En fin de compte, les principaux points à retenir des activités de guerre cybernétique et hybride de la Chine contre l’Inde sont les avantages tactiques. Ce qui aggrave les choses, c’est que le processus de recours juridique pour l’Inde n’est pas clair non plus. S’adressant à News18, NS Nappinai, principal défenseur des lois cybernétiques à la Cour suprême de l’Inde, a déclaré: «Ce qu’il est important de noter, c’est le mode et la manière dont la collecte de données est effectuée. Pour les données extraites des médias sociaux, il n’y a pas de loi indienne qui l’interdit, et cela dépend aussi en grande partie des conditions d’utilisation spécifiques des plates-formes de médias sociaux elles-mêmes. La véritable zone grise persiste dans la collecte de données à partir de plateformes d’information non publiques. »
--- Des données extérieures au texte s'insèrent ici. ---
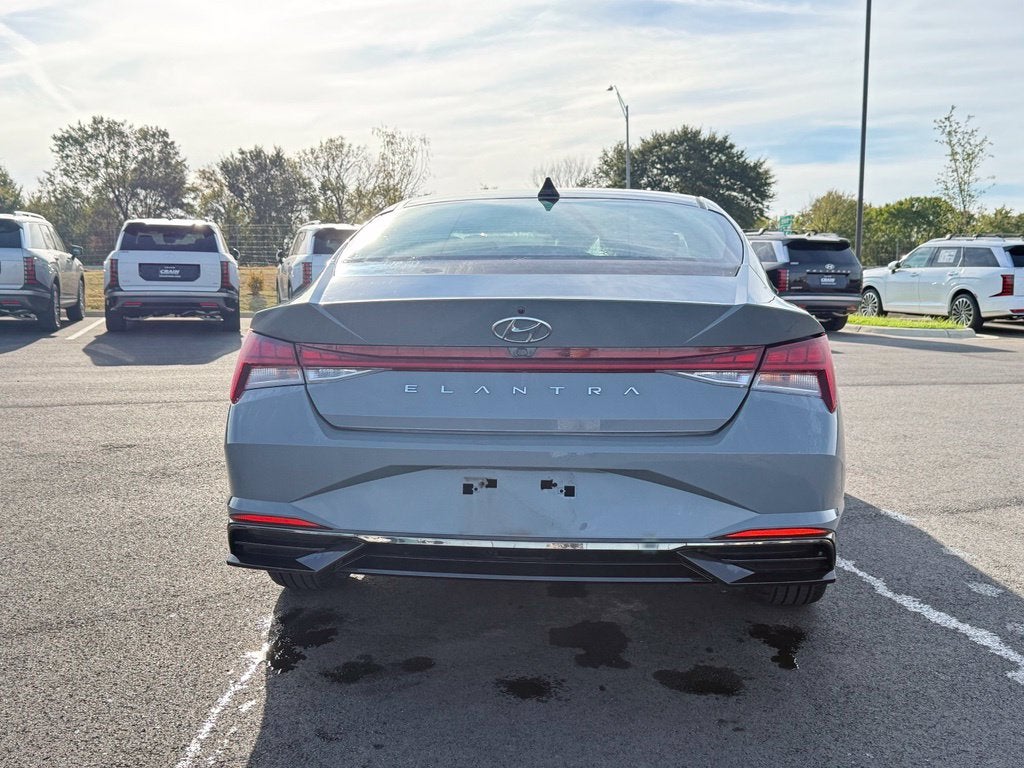 2022 Hyundai ELANTRA SEL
Nappinai a ajouté: «Si la Chine déploie un robot pour collecter des informations massives sur des individus sur Internet, cela peut être sanctionné par plus d’une disposition des lois indiennes. En ce qui concerne les applications chinoises interdites, malheureusement, la collecte de données y est légale. Si une application spécifique est hébergée dans un autre pays, dont les lois la régissent et l’oblige à partager des informations avec le gouvernement dans des circonstances spécifiques, c’est malheureusement légal. Il se peut que l’analyse de l’Inde ait montré que la Chine aura légalement le droit d’accéder aux informations collectées, rassemblées et évaluées sur les résidents indiens. « 

Nappinai déclare également que de nombreux pays peuvent également utiliser ce point d’entrée légal dans les données disponibles pour effectuer des manœuvres d’ingénierie sociale et d’influence de la pensée, ce qui correspond aux risques mis en évidence par le rapport d’Express sur les activités d’analyse de renseignements sur les menaces de Zhenhua pour la Chine. Compte tenu de l’importance stratégique de l’Inde, la dernière tactique de guerre hybride de la Chine semble être une tentative de jauger les récits les plus critiques de l’Inde et de tenter d’influencer la même chose.